The premonitions were obviously working overtime. Telling him it was simply a given that his days were numbered and his time was at hand.
Chapter Three
Only a few days before, on a late Friday afternoon, Deke too was on the verge. But he was a wild rover, indifferent about what he might come up against or even what the job was all about. “Bring it on,” he said. All that mattered was a chance for a little fun.
As he reached the top of the next rise, he was right where a lanky, rawboned man ought to be. Not still killing time in goddamn Cut Bank helping his old man fence-in a herd of buffalo headed for some meat counter. Truth to tell, the days when the two of them could stand each other were long gone. Nowadays it went like this:
“You home for a while?”
“Not really.”
“I could use some help.”
“That figures.”
And besides, his old man was pushing sixty-five. Hanging around him, you start missing a step. Hanging around anybody or anywhere, you lose your edge.

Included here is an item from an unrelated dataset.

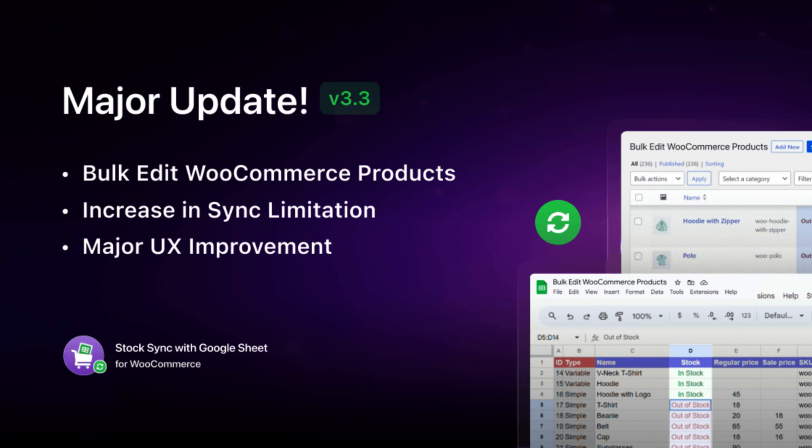Hello there. Welcome back to another exciting video on Stock Sync for WooCommerce with Google Sheets. In our latest update, we've introduced a game-changing feature, which is Bulk Editing.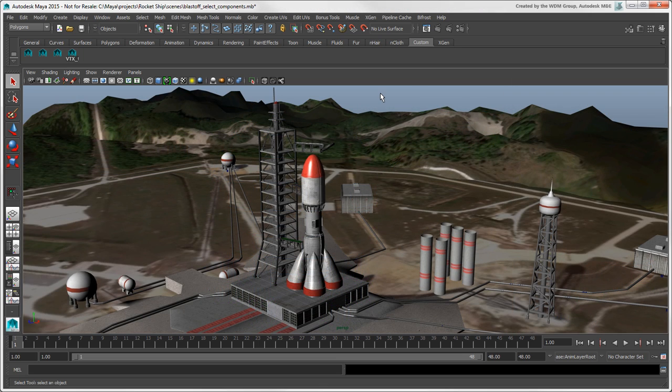This wraps up the basics of Maya's component selection features. In the next video, we'll compare basic transformation features between Softimage and Maya.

Taking in the scene, he marked the stretch of dark cloud hanging low overhead. The sky so massive the gray seemed flat and painted, tacked on to a sheet of blue as far as the eye could see. From this vantage point he could look down at the Glacier Park Trading Company by the train stop. Starting with its peaked roof faking a crest in the Rockies, he could easily scan the adjacent Glacier Village Restaurant and jagged flat sign running the length of the building. If his calculations were right, some weasely accountant would slip out of one of these wooden buildings or step off the train. Failing that, the guy was already hunkered down in a rented cabin. Either way, as soon as this little errand was done and dusted, he had the rest of the loos
e ends to square away.
Walt had hinted the whole job might take him down to Salinas. Which was fine. Walt also hinted it could take him further, a whole 1400 miles, maybe as far as L.A. Which damn well wasn’t fine. Deke had always avoided L.A. You head southwest from Vegas onto I-15, you hit the Mojave Preserve, then its Barstow and, before you know it, it’s Riverside and you’re sinking right into it—the smog, the traffic sprawl, hemmed-in to where it was pure torture working your way out again.

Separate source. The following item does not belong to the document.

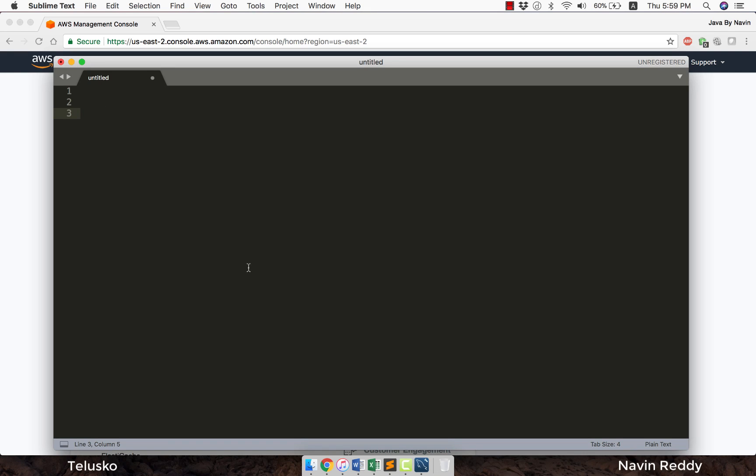Welcome back aliens, my name is Navin Reddy and in this video we'll see how to connect AWS RDS with MySQL Workbench.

Just the thought of it put a damper on his good mood. Hell of a choice between L.A. and hanging out back in eastern Montana. With its godforsaken squares and rectangles of alfalfa, soybean and wheat. Patches of in-between acres, ochre-colored grasses and then the abandoned line shacks falling apart and empty horse corrals. Plus rusting farm equipment, old tractors with flat tires, a bunch of rotting cars they don’t even make anymore: Nash Ramblers, Packards, Hudsons, Desotos and Studebakers. Things you can’t get parts for, places too far out for a mechanic to reach; a way of life that went bust. And all the while, his old man muttering, “It ain’t so bad.” It is, was and always will be so bad. Aside from the in-between acres, Deke too had been lying fallow. And nothing was going to keep him still anymore. Even if it meant goddamn L.A.
Casting his gaze solely on the train station, he waited a while longer. Within minutes, the eastbound special came, passengers got on and off. No sign of the little guy. No sign of him anywhere. From the photos, he was probably in his late thirties, wore horn-rimmed glasses and had a squinty, worrisome look on his face. In other words, he appeared to be exactly like he was: a spooked bookkeeper who’d downloaded some files back in Portland, then lit out for the boonies and figured the trail would go cold. A little weasel who flat-out figured wrong.

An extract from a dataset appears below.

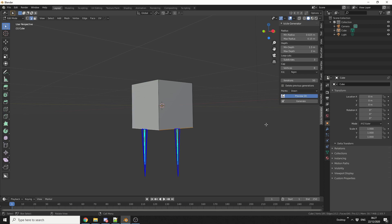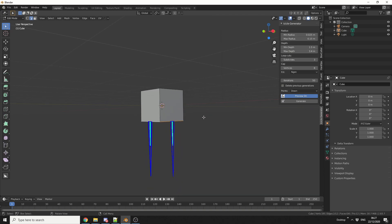So what I'll do here is I'll enable the preview options, and it just gives a kind of rough estimate what's going to happen. You can see here I can control the minimum and maximum radius. I can even control things like depth, so if I need bigger icicles, I can easily get bigger icicles.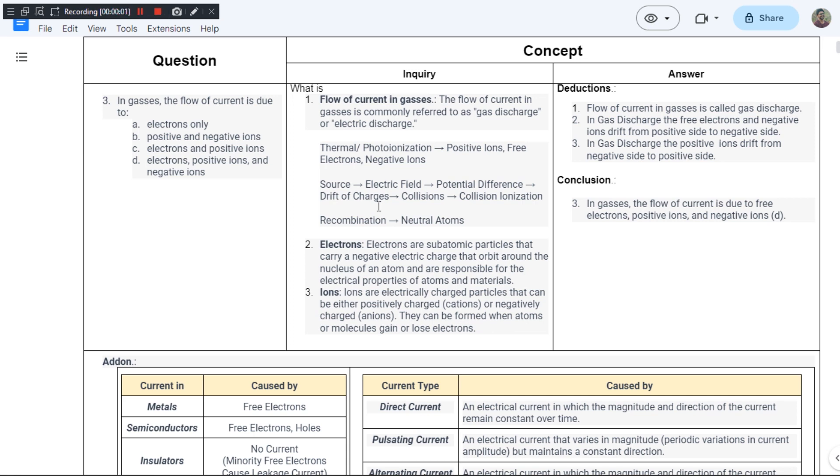This is the third question from chapter 1 of section 1 from JB Gupta's book. The question is: in gases, the flow of current is due to? So they are asking in gases, we have the flow of current and the reason for that current - what contributes to it?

Just then, little beeps caught Deke’s attention. He plucked up his Levi jacket off the high flat rock, jerked the cell phone out of the top pocket, flipped it open and hit the green icon. Even transmitted through this little gizmo, Walt’s rasping drawl was deep and tired. If you didn’t know him, you still couldn’t help picturing a barrel-chested geezer in suspenders with a walrus mustache and a lot of mileage on him.